# Adding Probe Port to Horizon Pit



## Pat Razz (Jul 3, 2018)

Has anyone added a aftermarket probe port to a Horizon pit? I am concerned that my probes won’t last long if I keep running them through the door. I see Yoder sells them but was curious if anyone has experience with them.


----------



## bdskelly (Jul 3, 2018)

You might also look at the silicone discs on Weber units. Mine work great! B


----------



## waterdownrednec (Jul 4, 2018)

Based on info from the forum I bought one of these for my Horizon 16.  They make actual ports for probes but this is nearly the same but much more affordable.

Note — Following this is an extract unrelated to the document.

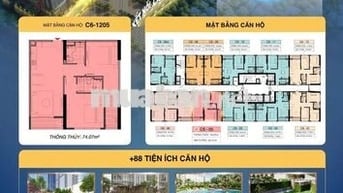 Căn hộ 74m2 2 PN Capital Square Trần Hưng Đạo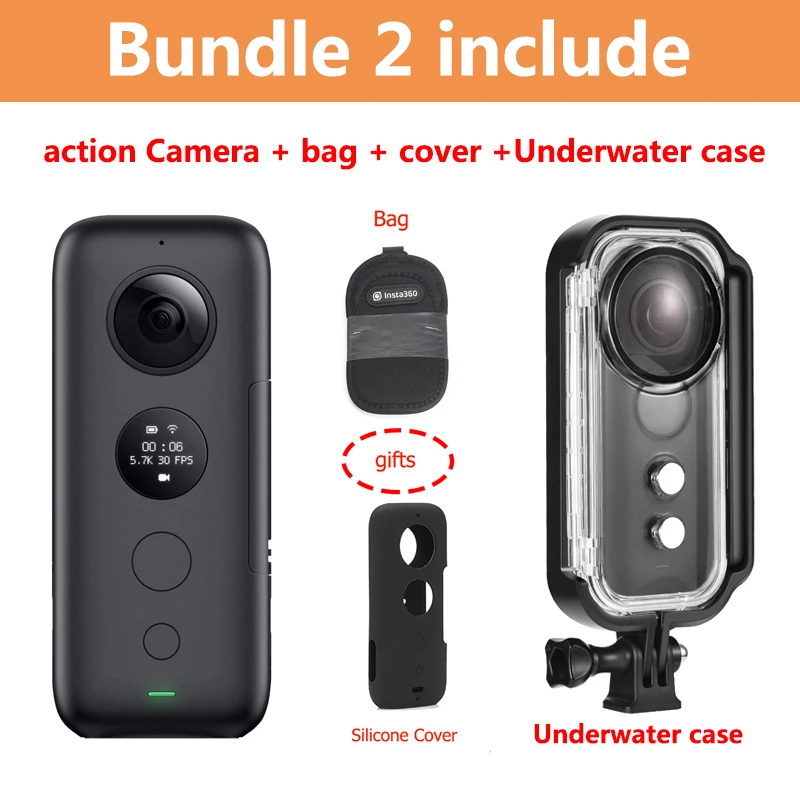 camera with case Экшн-камера Insta360 ONE X 360, со стабилизацией состояния, 5,7 K видео в режиме реального времени, WiFi, камера для передачи данных для iPhone - Цвет: camera with case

*uxcell Stainless Steel 6.0-12.0mm M20 Cable Gland Connector with Locknut*


----------



## Smokin Okie (Jul 4, 2018)

I have same question bout my OC Brazos.    Seems to me that drilling through 1/4" steel is the difficult part


----------



## waterdownrednec (Jul 4, 2018)

Smoking Okie, it is tough. I just installed two add’l thermometers in the door and it took 3 step bits to get the 2 - 7/8” holes drilled.  All three bits are toast but, I don’t think it will be as difficult installing the probe gland as it’s not double steel like the main door.  But from what I read step bits and olive oil seem to be the trick.  Knowing nothing about drilling into thick metal, I was surprised how after every squeeze of olive oil the step bit peeled another layer of steel off but w/o it just sat there and spun.  It took A LOT of elbow grease with my high power drill.  Thought I was going to burn out my big drill it was so hot, kept having to take breaks. 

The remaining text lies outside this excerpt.